In the embodiment, the aperture a is formed in the light shielding member 14 so that the irradiation light focused on the aperture a is transmitted. However, as shown in FIG. The light-shielding member 14 is provided on the side of the optical axis Q of the system 7 in the direction of inclination of the flow cell 1, and the light-shielding edge b of the light-shielding member 14 is positioned so as to be close to the light converging portion P. It is possible to implement the mode in which the return light from the cell windows 2 and 3 is shielded in the vicinity of the light section P.

[0012]

[Effect of device]

 As described above, the present invention can reduce the diameter of the cell window of the flow cell by collimating the light emitted from the light source and further reducing the diameter of the collimated light. At the same time, it is possible to increase the density of the light intensity of the irradiation light on the sample fluid. Moreover, since the light condensing part of the relay lens optical system that further reduces the diameter of the parallel light is specified and the light shielding member is provided in the vicinity of this light condensing part, the cell window is set as the optical axis of the irradiation optical system. On the other hand, it is possible to surely prevent the return light from the cell window from returning to the light source side simply by tilting the cell window. This makes it possible to improve the S / N ratio by reducing the light source noise and to reduce the cell window It became possible to reduce the diameter by sloping or to install the flow cell close to the light source, which eventually led to cost reduction and downsizing of the device.

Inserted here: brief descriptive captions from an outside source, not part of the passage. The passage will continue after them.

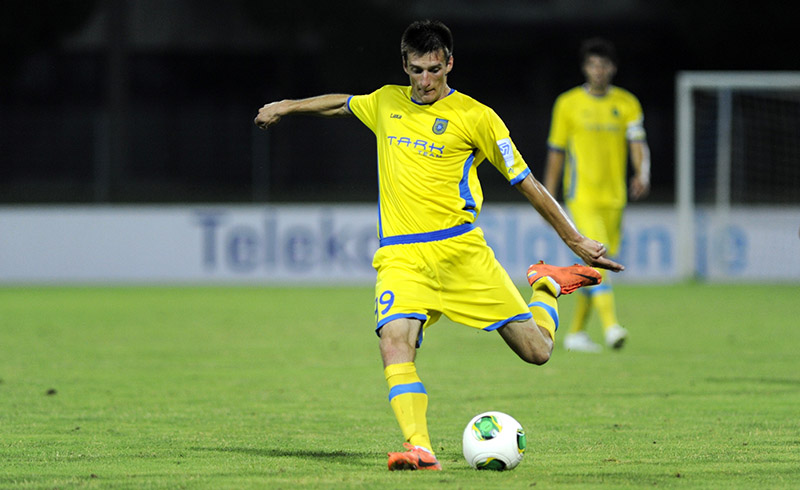 Igor Banović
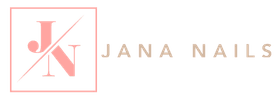 Brand logo 3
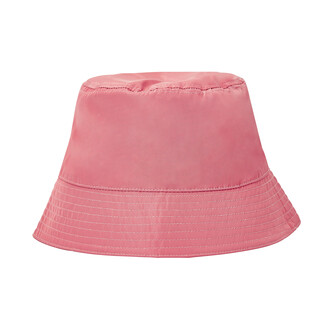 TK Maxx rozowy bucket hat 79.99PLN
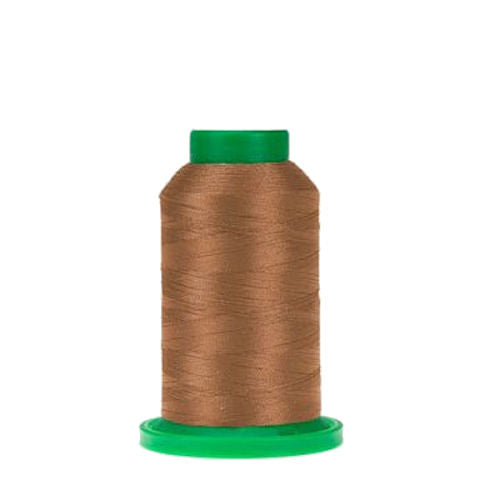 Isacord Thread 1154 Penny  1000m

[Brief description of drawings]

FIG. 1 is a principle plan view of a particle measuring device.

FIG. 2 is a side view showing the principle of a particle measuring device.

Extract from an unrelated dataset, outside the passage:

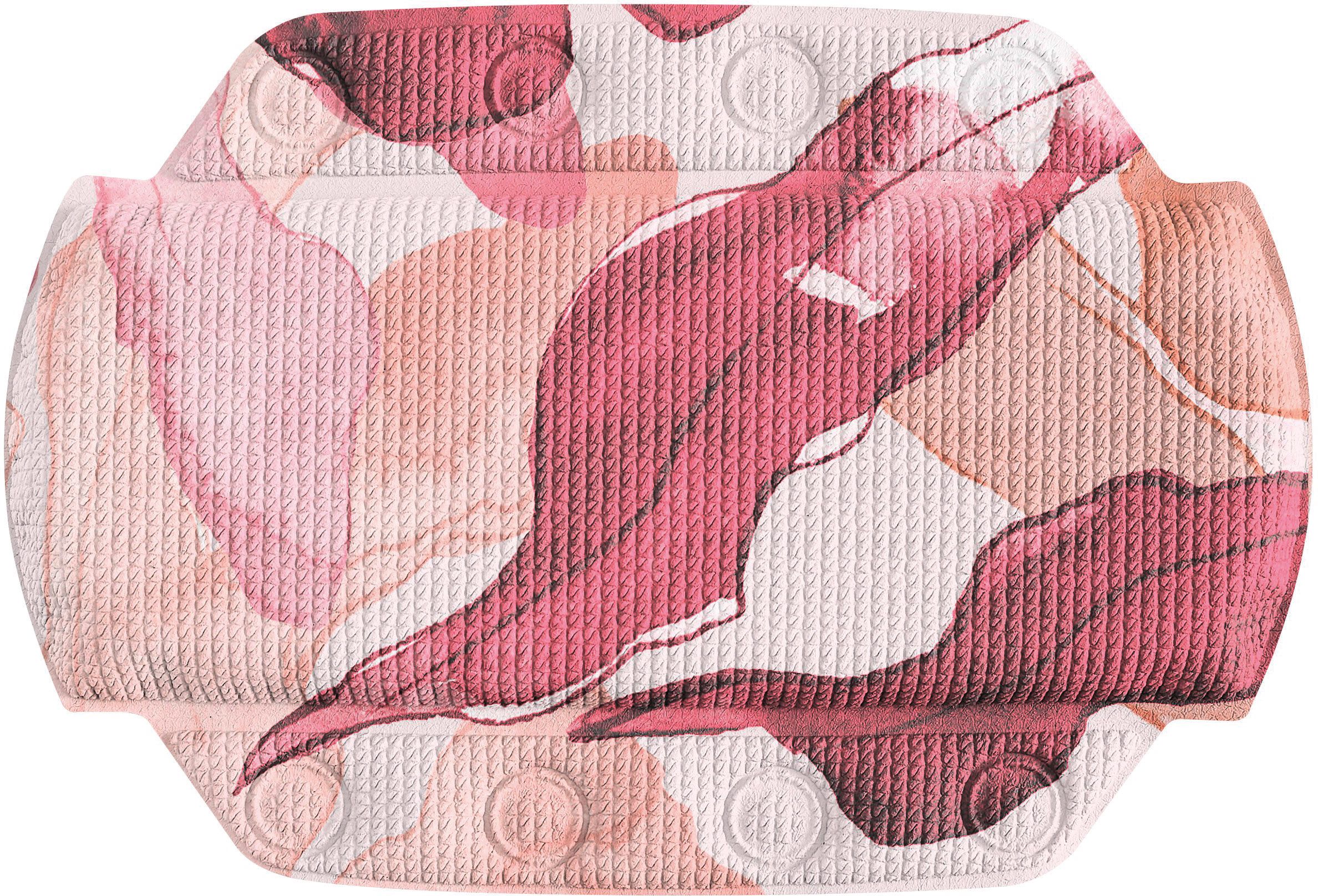 Kleine Wolke Blaze protišmyková podložka 32x22 cm 4152148008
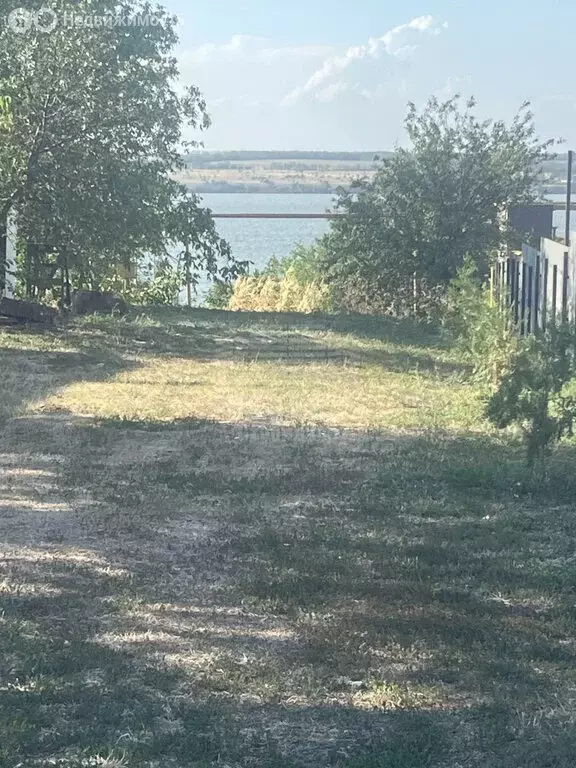 Участок в Неклиновский район, Лакедемоновское сельское поселение, село ... - Фото 2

FIG. 3 is an explanatory diagram showing a light shielding form of another embodiment.

FIG. 4 is a principle side view of a conventional particle measuring device.

[Explanation of symbols]

1 ... Flow cell, 2, 3 ... Cell window, 7 ... Irradiation optical system, 8
... light source, 10 ... collimator lens optical system, 13 ... relay lens optical system, 14 ... light blocking member, 15 ... detection optical system, P ... condensing part, Q ... optical axis, R ... observation area.

Claims (1)

[Scope of utility model registration request] 1. A flow cell having a parallel-plate cell window, an irradiation optical system for making irradiation light incident on an observation region in the cell, and the irradiation light being generated by irradiation of fine particles in a sample fluid in the cell. With an optical system for detecting scattered light,
In a fine particle measuring apparatus in which a cell window of the flow cell is tilted with respect to an optical axis of an irradiation optical system, the irradiation optical system includes a collimator lens optical system that converts light emitted from a light source into parallel light, and the parallel light. And a relay lens optical system for further reducing the diameter, and a light blocking member for blocking the return light from the cell window is provided in the vicinity of the condensing part of the relay lens optical system. Particle measuring device.